Track record
King's College, Cambridge — rebuilding a ten-year-old website without losing its audience
King's College's website had grown for a decade without a structural rethink. Content was everywhere, the design predated smartphones, and the College intranet was a separate site with its own hosting bill. On top of that, once a year the site takes a beating: the Festival of Nine Lessons and Carols draws tens of thousands of concurrent visitors from around the world, all at once, all on Christmas Eve.

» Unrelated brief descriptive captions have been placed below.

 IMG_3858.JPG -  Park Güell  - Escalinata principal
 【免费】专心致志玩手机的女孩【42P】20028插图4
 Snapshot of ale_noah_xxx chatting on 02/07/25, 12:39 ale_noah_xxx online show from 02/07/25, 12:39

Over 18 months I reviewed and re-indexed every page, reorganised the content using analytics data on how people actually moved through the site, and built a new edit-in-place editorial interface so staff could design rich pages without third-party tools. The intranet was folded into the main site, killing a whole separate system. The new theme was mobile-first, and Apache was tuned specifically for the Christmas Eve spike.
The site survived its first Festival without drama, the editorial team stopped needing a developer for everyday changes, and the College stopped paying to run two websites.

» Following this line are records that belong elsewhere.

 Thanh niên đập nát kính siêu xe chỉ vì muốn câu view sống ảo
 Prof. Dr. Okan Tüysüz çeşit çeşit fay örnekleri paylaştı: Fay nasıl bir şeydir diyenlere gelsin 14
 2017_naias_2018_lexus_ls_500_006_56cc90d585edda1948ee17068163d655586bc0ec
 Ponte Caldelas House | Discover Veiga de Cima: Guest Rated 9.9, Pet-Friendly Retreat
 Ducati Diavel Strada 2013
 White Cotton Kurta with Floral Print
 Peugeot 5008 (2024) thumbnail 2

MTR — Drupal 7 to Drupal 10 for platforms that couldn't stop trading
MTR runs trade-in and recycling platforms for phones and personal electronics, including campaigns for Samsung. The platforms were on Drupal 7, processed thousands of transactions a day during promotions, and handled the kind of data that has to be encrypted, processed on-site behind a firewall, and wrapped in fraud prevention. "Take the site down for a few weeks while we rebuild" was not on the menu.

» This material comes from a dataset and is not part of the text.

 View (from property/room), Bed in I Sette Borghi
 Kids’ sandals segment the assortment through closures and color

I rebuilt the Drupal 7 platforms in Drupal 10 — theme, data structures, and the backend API integration with the central system that pushed device models and pricing out to each platform and pulled transaction data back in. I also carried a set of sites up through the Drupal 8 → 9 → 10 chain, and built a new module suite for the phone repair workflow, from video-recorded parcel unpacking through to parts ordering and reporting.
The platforms kept trading throughout, including through Samsung promotional campaigns at full volume.
A Cambridge St John's College School — the upgrade everyone had been putting off
A well-known Cambridge school had a Drupal estate that had been quietly falling behind for years: Drupal 8 and 9 sites, a long tail of third-party modules, and a CiviCRM database north of 10 GB sitting underneath everything. Every year the upgrade got harder, so every year it got postponed — the classic trap.
I planned and delivered the upgrades to Drupal 10, working through the module compatibility problems one by one and keeping the school's non-technical staff informed in plain English at every stage — what I was doing, why, and what it meant for them. Alongside it I built a parent relationship system with personalised newsletters, SMS integration via Twilio, granular privacy controls, and React apps running inside Drupal pages, so the editorial team kept the tools they knew while parents got a modern, fast interface.
The estate came out current, supported, and — for the first time in years — boring to maintain. Which is the goal.